This is Day 4 of ChatBot Week on Daily Fintech. You can see the intro and index here.
Unusually we are seeing more adoption from Incumbents than upstarts . This is the reverse of the cycle of innovation in banking (startups show the way and then banks “fast follow” via mix of copy and acquire). This post explains why it is being done differently when it comes to ChatBots in Insurance and then looks at a few early stage startups that may point to the future.
The action is from Incumbents
Look at this list of ChatBots in Insurance compiled by @rickhuckstep who tracks InsurTech very well. You can see a long list of incumbents and one startup.

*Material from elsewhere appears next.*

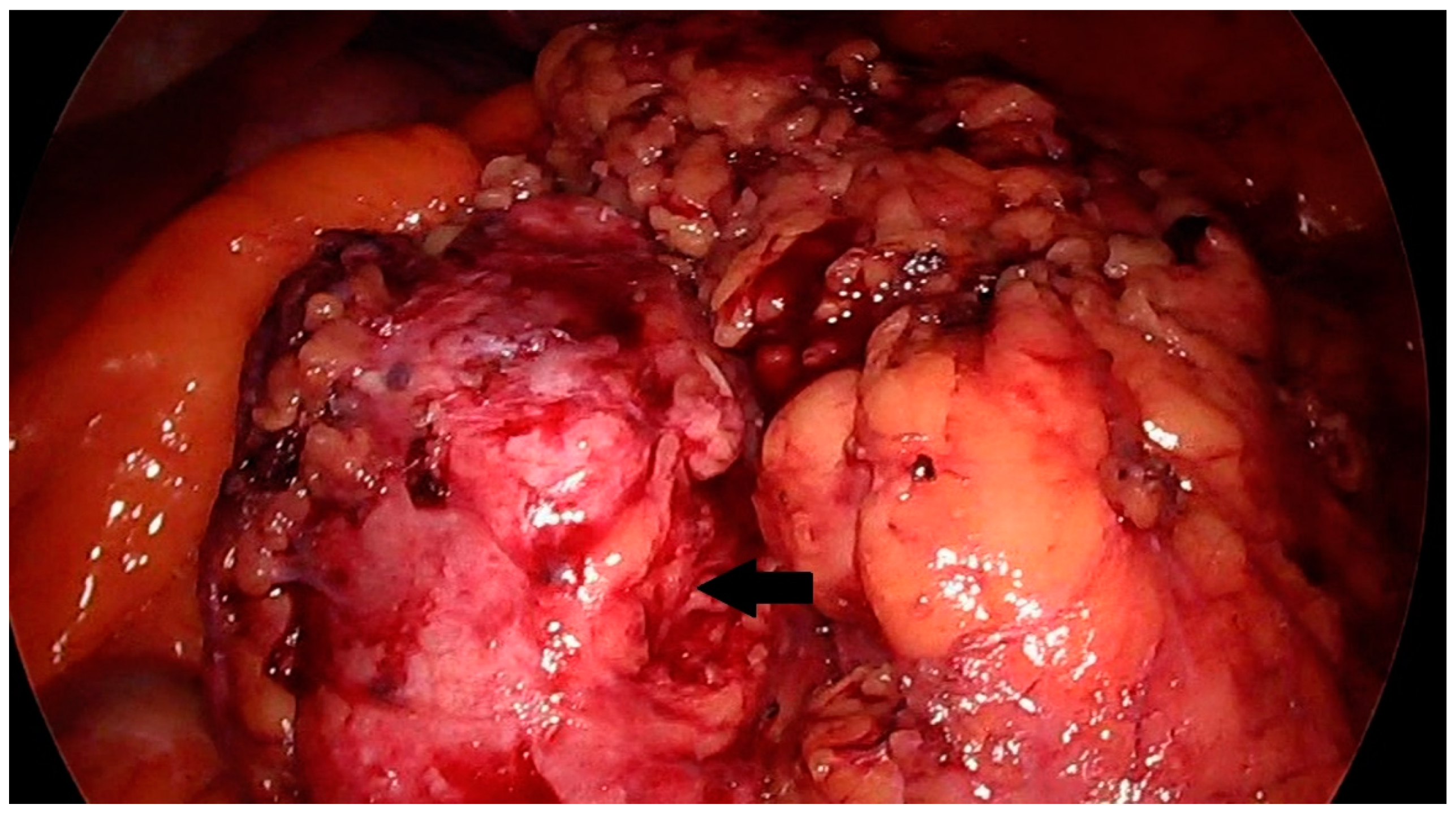 Diseases 12 00006 g002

You can also see what Halifax is doing on ChatBots.org
SalesForce.com which does Service as well as Sales (Service is the key to retention) and is big in Insurance is clearly looking at this.

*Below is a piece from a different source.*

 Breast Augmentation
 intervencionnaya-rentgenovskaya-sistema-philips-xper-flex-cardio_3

First, turn humans into robotic workers
Cutting payroll cost has been a favourite enterprise project since the dawn of computing. Insurance has a ton of routine customer support work. The product is complex and critical to the customer. Good customer support is a) essential b) expensive. This is the kind of work that was first offshored and is now being automated. Once a job has been made totally process driven, eliminating individual judgement, it is quite a simple step to automate that job. An offshoring project works by breaking tasks down into repeatable, fungible “units of work” that are given to humans to do as if they are robots. If those humans leave, they are easy to replace. It is a short step from robotic workers to actual robots and that is what AI enables.

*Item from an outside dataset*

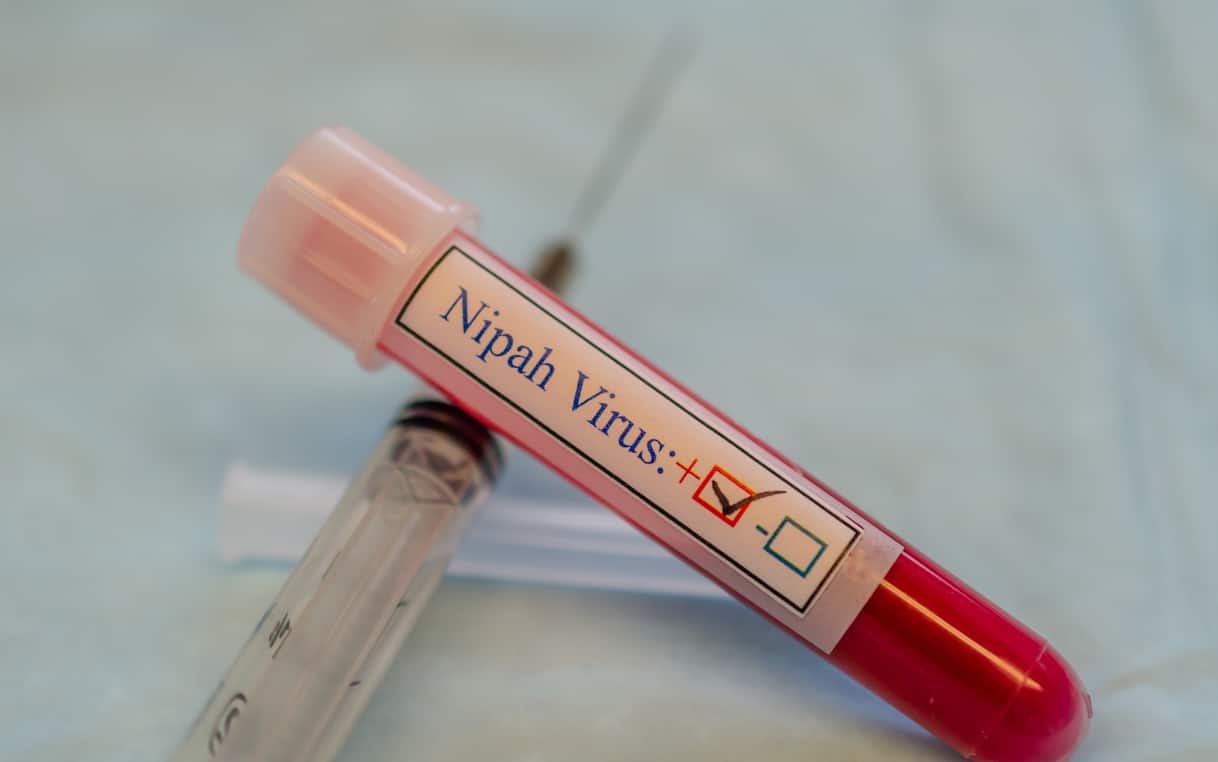 Virus Nipah, nuovi casi in India: cos'è e quali sono i sintomi dell'infezione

This is of course not good news for the $28 billion BPO business because about 5-6% of those jobs are low end as per this report (ie low hanging fruit for automation)
From Hal to Her
When we search for images of AI, the robot appears. The disembodied voice of Hal in Stanley Kubrick’s brilliant 2001 a Space Odyssey (released in 1968) was a bleak view of our robot infused world. In another brilliant science fiction film, Her by Spike Jonze (released in 2013), the robot has the gorgeous voice of Scarlett Johansson and so the protagonist naturally falls in love with the robot.
The point is we don’t see the robots who are serving our admin jobs. We see their texts or hear their voice. Maybe holograms will be the next attempt to humanise them.
Humanising robots is just marketing
Robots in factories making stuff for us are invisible to us, so they don’t need to be humanised. Robots taking care of our every day admin needs have to be humanised to be acceptable. It is Marketing 101.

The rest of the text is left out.